というわけで硬めん派の方には不評かもしれませんが、もし柔らかい麺に抵抗がなければ問題ありません。通常、のんびり食べると油揚げ麺臭がスープに広がってしまうのですが、むしろ今回は後半にかけて油揚げ麺臭がボヤけていきます。その結果、麺はスープを運ぶ媒体としての役割に専念し始めるため、これはこれでスープを重視している感じが乙でした。
スープ
とろみ成分が粉末スープに含まれていると前述したように、まるでポタージュ状の高粘度スープに仕上がるのですが、とろみのベクトルはインスタント感が強く、豚骨由来ではありません(※でん粉や増粘多糖類の系統)。また土台の粉末スープも白濁色ではあるものの、あくまで必要最低限にベースラインを整えているような状態なので、豚骨感は弱いのですが——
液体スープの中身は薄っすらと茶色みがかった白濁色のポークエキスを筆頭に、かるく醤油で香り付けが施されていて、植物油脂や動物油脂、香味油脂などをブレンド。今回のスープは乳化油脂の含有量が多く、ポークの他にチキンエキスや全卵粉なども使用されているため、純度100%の豚骨スープではないものの、途中で鼻から深呼吸してみてください——
ぽってりとした粘性率こそ人工的ですが、豚骨臭を抑えながらも口いっぱいに骨の旨味が浸透して、鼻を抜ける豚脂の芳ばしさについては専門店のスープを味わっているかのような臨場感。なるほど限界クラスに乳化の進んでいる丸みを帯びた骨の旨味はクリーミーで、ポークコラーゲンが豚の皮を一緒に煮込んだようなコクと芳ばしさを演出しているような味わい。

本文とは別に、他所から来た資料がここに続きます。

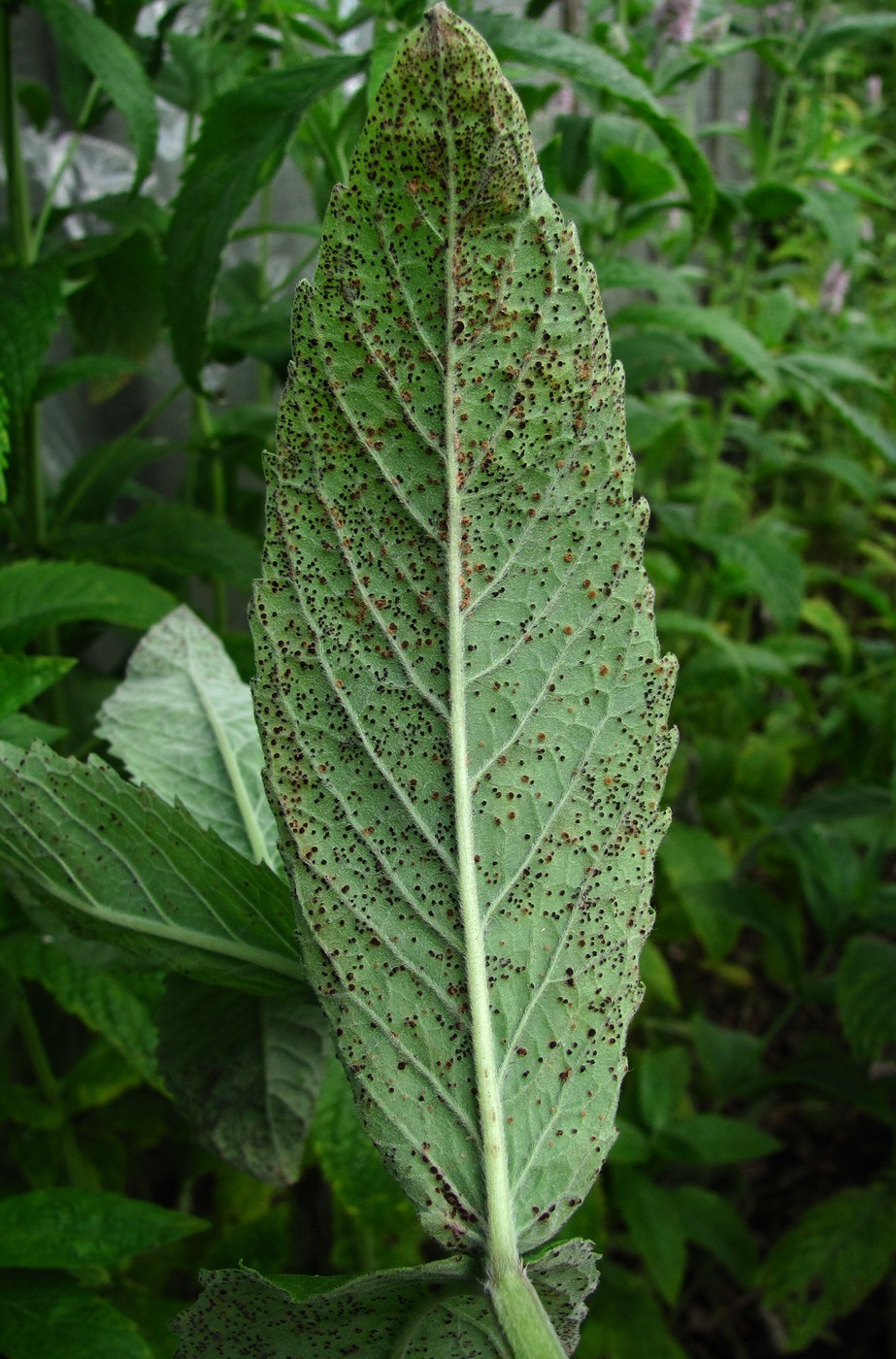 Image of Mentha longifolia specimen.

まったりとした豚の旨味を全力で打ち出しつつ、醤油ダレのキレが輪郭を整え、濃厚なのに全体が間延びしていないのも好印象。あくまで縦型230円前後のカップラーメンなので、それなりに妥協すべき点はあるものの、次に抜ける芳ばしい豚骨の香りを飽きずに何度も楽しめる、その臨場感とバランスに思わず唸ってしまいました。
具材
エースコックの小ねぎ(青葱)は異様に歯触りが強いこともあるのですが、今回そこまで歯触りは強くないタイプで、スープの柔らかい印象を崩さない程度に主張しています。ただ、そんなに量は多くないため、主張し過ぎず埋没せずの程よいアクセント。

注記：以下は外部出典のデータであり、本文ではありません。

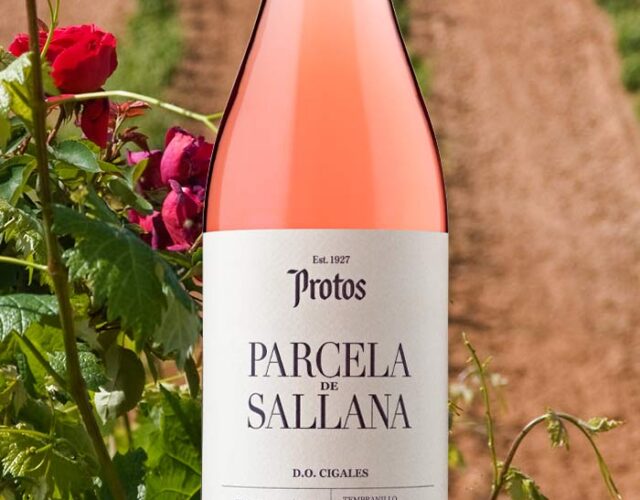 Parcela de Sallana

かなりキクラゲは細かくカットされているのですが、マイナスではなく正解です。麺が早い段階から頼りない食感になるため、やはり歯応えが欲しくなってくるところ——で、その穴を補完してくれるのがキクラゲの存在。小さいからこそ高粘度スープが自然に拾い上げ、意識しなくても定期的にコリコリとした歯触りが楽しめます。

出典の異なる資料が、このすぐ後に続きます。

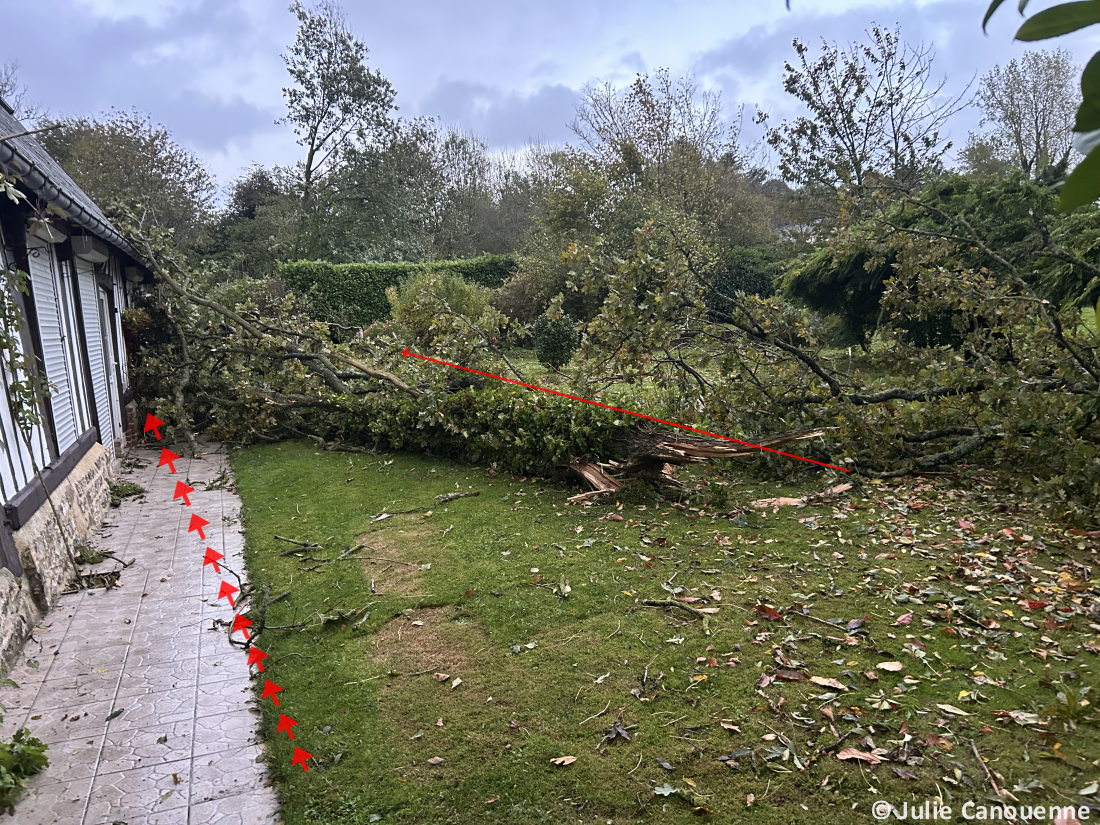 Tornade EF0 à Anglesqueville-la-Bras-Long (Seine-Maritime) le 20 octobre 2025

大豆加工品は文字通り大豆たん白が由来の大豆ミート的なヤツなので、肉の味がするわけでもなく、食感もフェイクミート特有のグニッとした歯触り。今回のようにスープの出来が著しくハイレベルな場合、間違いなく “程良く味付けした肉そぼろ(スポンジ肉)か大豆加工品の二択” というわけで、結果的に大豆加工品でも印象は悪くありませんでした。
総評
★★★★★☆☆☆☆☆(★5+)
麺は油揚げ麺の限界を感じざるを得ない品質ですし、肉を模した具材も実店舗のラーメンに入っている豚バラチャーシューではなく肉そぼろ状の大豆加工品ですが、ことスープに関しては想像以上の出来栄えで、鼻を抜ける臨場感は特筆すべきもの。とろみは人工的ですし、縦型カップラーメンの常識を覆すほどの感動ではないかもしれないけれど、エースコックの豚骨史上に残る名作です。
エースコックの豚骨といえば、衝撃の豚レバー入り「MEGA豚(メガトン)どトンコツラーメン」の存在があるので、それと比較した場合どうしても見劣りしてしまう部分は否めません。けれども「MEGA豚」は呼び戻しの久留米とんこつ系、「博多元気一杯」は “クリーミー豚骨” という表現にも素直に納得できる濃厚な一杯だったので、気になった方は販売終了までにお試しください。